Differing construct parameters, methods of blood flow measurement, skin temperature measurement, and treatment protocols do not allow direct comparisons to be made between the research studies that have been published to date [30, 47–50, 52, 60, 61]. However, the observed changes with US therapy are deductible from the previous physiological findings, but the underlying mechanism of the demonstrated changes in skin blood flow, skin temperature, and sensory perception thresholds obtained with 5 Hz stimulation in the control are still unclear. The small changes observed in skin temperature and skin blood flow after the control or rest period (3 to 5 min) might have been due to the emotional factors, which were not under participants’ control. Whereas the changes in sensory perception threshold at 5 Hz after control/rest in both groups (3 MHz pulsed or 1 MHz continuous US group) may have been due to the ‘wind-up phenomenon’ , which is described as a frequency-dependent increase in the excitability of spinal cord neurons in response to the C fiber activity (repetitive stimulation) . The lowering of sensory perception thresholds at 5 Hz in this study following repetitive stimulation of C fibers is consistent with the previous neurometer CPT findings of Wallace et al. and Farajidavar et al. in the control group [62, 63]. The changes observed after control condition can also be explained by order effect or learning effect from the repeated testing on the neurometer. TiVi and infrared skin thermometer are objective outcome measures, and they could not have influenced the participants’ blood flow or temperature responses while at rest. But the neurometer is both subjective  (subjects have to respond to 5 Hz stimuli and stop the test when they begin to feel the tingling or buzzing sensation near the electrodes) and objective assessment tool  and this might have had an influence on the observed threshold responses. At the beginning, participants were unaware of the transcutaneous electrical stimulation from the neurometer and might have responded with higher thresholds (higher baseline values), but as the tests continued and repeated several times, they become familiar with the test and type of stimulations thus performing subsequent tests more fast and more conveniently, indicating a possible learning effect .

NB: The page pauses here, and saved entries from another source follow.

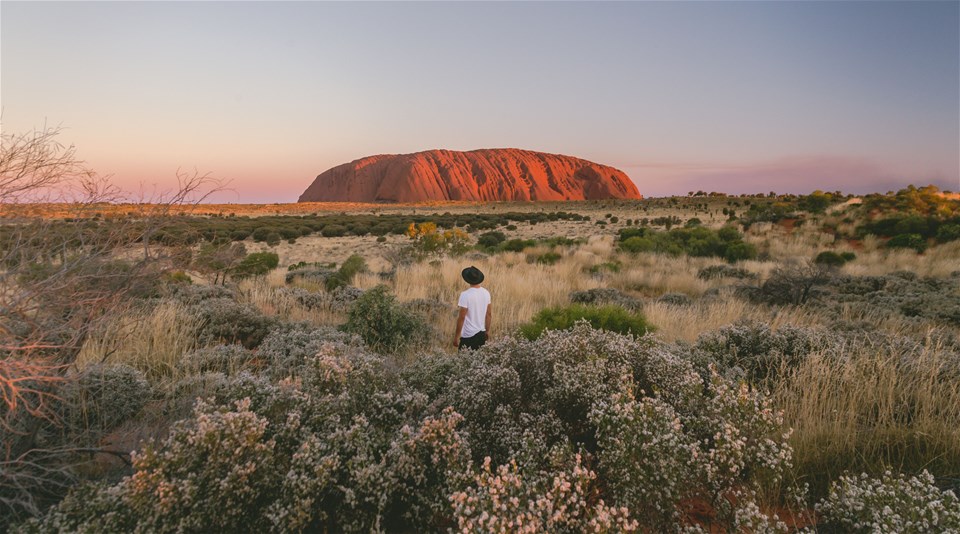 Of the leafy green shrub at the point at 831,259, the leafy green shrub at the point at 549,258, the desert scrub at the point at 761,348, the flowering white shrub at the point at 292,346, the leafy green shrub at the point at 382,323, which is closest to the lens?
the desert scrub at the point at 761,348

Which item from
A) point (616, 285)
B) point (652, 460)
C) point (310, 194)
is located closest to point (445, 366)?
point (652, 460)

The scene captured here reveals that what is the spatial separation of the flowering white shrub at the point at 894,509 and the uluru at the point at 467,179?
120 meters

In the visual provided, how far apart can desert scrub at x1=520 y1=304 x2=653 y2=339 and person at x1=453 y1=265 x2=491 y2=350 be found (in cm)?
65

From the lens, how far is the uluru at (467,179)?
418ft

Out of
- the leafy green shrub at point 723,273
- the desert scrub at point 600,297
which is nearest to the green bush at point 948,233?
the leafy green shrub at point 723,273

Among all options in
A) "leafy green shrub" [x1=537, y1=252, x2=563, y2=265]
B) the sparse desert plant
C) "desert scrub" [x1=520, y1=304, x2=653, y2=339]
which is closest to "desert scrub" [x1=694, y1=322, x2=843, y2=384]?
"desert scrub" [x1=520, y1=304, x2=653, y2=339]

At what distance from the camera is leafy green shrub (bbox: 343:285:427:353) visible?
6695mm

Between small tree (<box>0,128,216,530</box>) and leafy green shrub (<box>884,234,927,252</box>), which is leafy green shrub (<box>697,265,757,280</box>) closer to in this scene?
leafy green shrub (<box>884,234,927,252</box>)

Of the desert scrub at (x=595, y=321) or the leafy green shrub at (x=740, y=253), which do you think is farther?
the leafy green shrub at (x=740, y=253)

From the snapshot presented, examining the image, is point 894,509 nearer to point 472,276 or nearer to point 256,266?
point 472,276

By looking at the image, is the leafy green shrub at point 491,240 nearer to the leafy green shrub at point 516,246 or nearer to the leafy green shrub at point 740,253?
the leafy green shrub at point 516,246

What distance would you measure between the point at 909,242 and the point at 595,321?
18.4 meters

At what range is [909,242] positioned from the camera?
677 inches

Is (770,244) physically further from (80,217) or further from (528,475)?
(80,217) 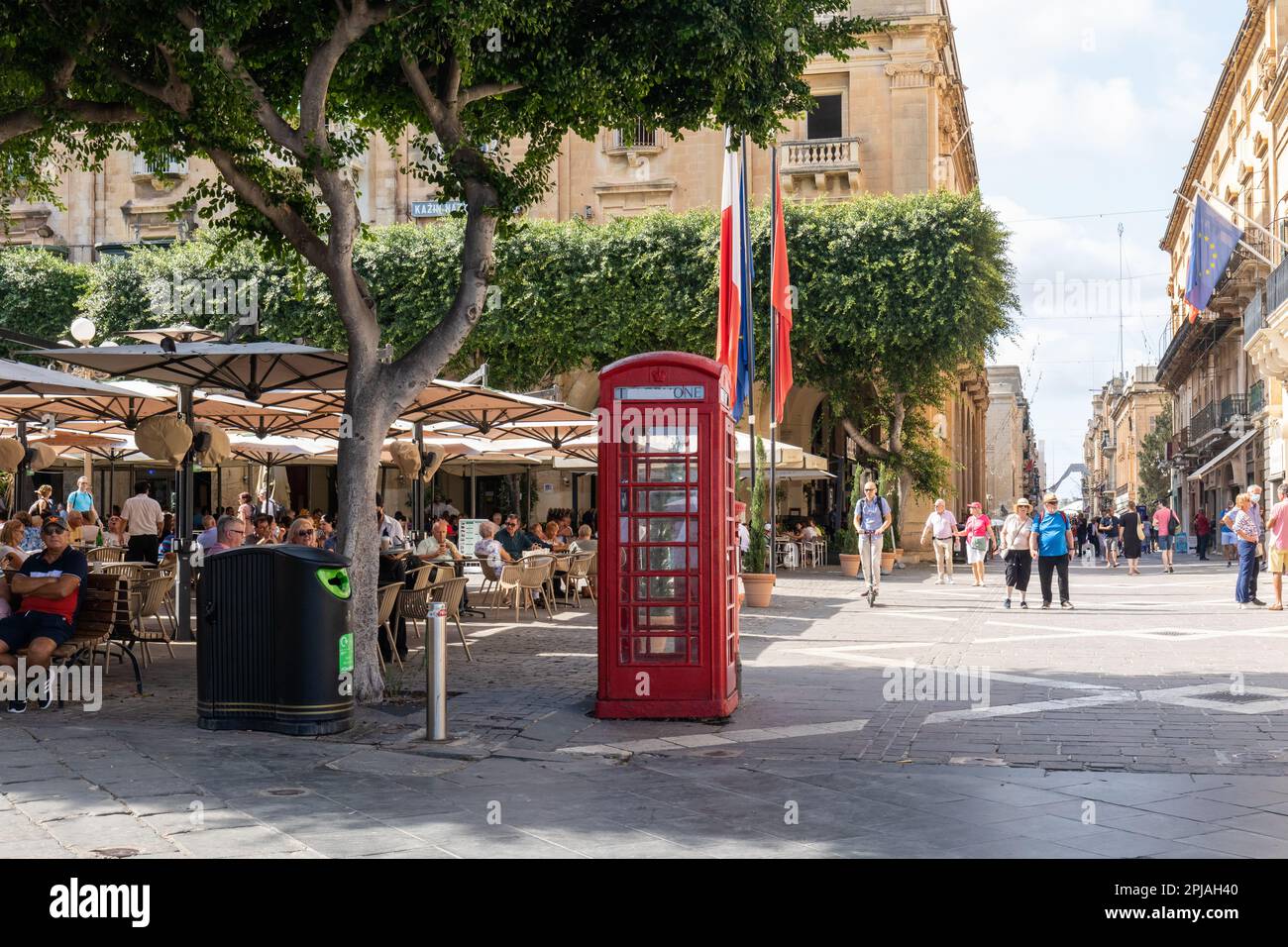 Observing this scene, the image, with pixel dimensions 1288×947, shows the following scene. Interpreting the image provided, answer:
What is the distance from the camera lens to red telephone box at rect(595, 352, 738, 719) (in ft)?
28.9

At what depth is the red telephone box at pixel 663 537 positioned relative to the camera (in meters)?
8.80

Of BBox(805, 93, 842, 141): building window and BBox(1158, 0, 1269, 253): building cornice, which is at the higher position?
BBox(1158, 0, 1269, 253): building cornice

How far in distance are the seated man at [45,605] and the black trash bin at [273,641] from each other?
1.52m

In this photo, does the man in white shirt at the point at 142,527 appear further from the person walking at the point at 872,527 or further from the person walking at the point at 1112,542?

It is also known from previous reviews that therapeutic ultrasound is often used as a deep heating rehabilitation modality for hand conditions [4, 6]. The present investigation only examined the effect of ultrasound from superficial tissues in the distal forearms. TiVi can reflect red blood cell concentrations from the skin at a depth of 0.4 to 0.5 mm (well into the reticular dermis), while the digital infrared thermometer and R-CPT tests record temperature and sensation superficially. Adequate washout was attained before each pre-test for all measures. However, it is not known, whether the dosage used for 3 MHz pulsed US and 1 MHz continuous US in this study actually increased or decreased the tissue blood flow and tissue temperatures at a depth of 2 cm (for 3 MHz US) and 3–5 cm (for 1 MHz US ) or had no effect at all. Bickford and Duff reported some conflicting responses like decreased subcutaneous and skin temperatures (superficial) along with increased muscle blood flow (at a depth of 1 to 3 cm) after sonating healthy tissues with 0.8 MHz, using higher intensities (ranging from 2.0–3.0 W/cm2) [47, 48]. These authors  demonstrated that consistent sustained increase in blood flow and tissue temperature in the deep muscles occur only with higher intensities of US treatment (over 3.0 W/cm2), while the moderate intensities causes reduction in skin blood flow and skin temperature due to the effect of contact cooling with US applicator . Lehmann and Delateur reported that vigorous heating requires higher total power outputs (up to 40 W) and higher US intensities (up to 4 W/cm2) . Most joints covered with a significant amount of tissue (shoulder, hip) may be moderately heated with a total power output of 10 to 20 W (at 1 to 2 W/cm2 US intensity) . For very mild treatments, or for small joints with minimal soft tissue cover, a total output of 1 to 10 W (at 0.1–1.0 W/cm2 US intensity) may be used for adequate heating . Though tissue heating is regarded as beneficial, Merrick et al. cautioned that it is difficult to predict temperature increases when ultrasound is applied clinically owing to a number of unknown variables, including the distance to reflecting soft tissue-bone interfaces, variability among ultrasound machines, the thickness of each tissue layer, and the amount of circulation [12, 18, 66, 67].
In summary, it is assumed that 3 MHz pulsed and 1 MHz continuous US at low intensities (0.25 and 0.8 W/Cm2 ) and short durations (5 and 3 min) in the current study might have accounted at least in part for the observed changes in skin blood flow, skin temperatures, and C fiber perception thresholds, thus indicating that US is not ineffective as a treatment modality but can have some minor effects on the superficial tissues and C fibers of sensory nerves.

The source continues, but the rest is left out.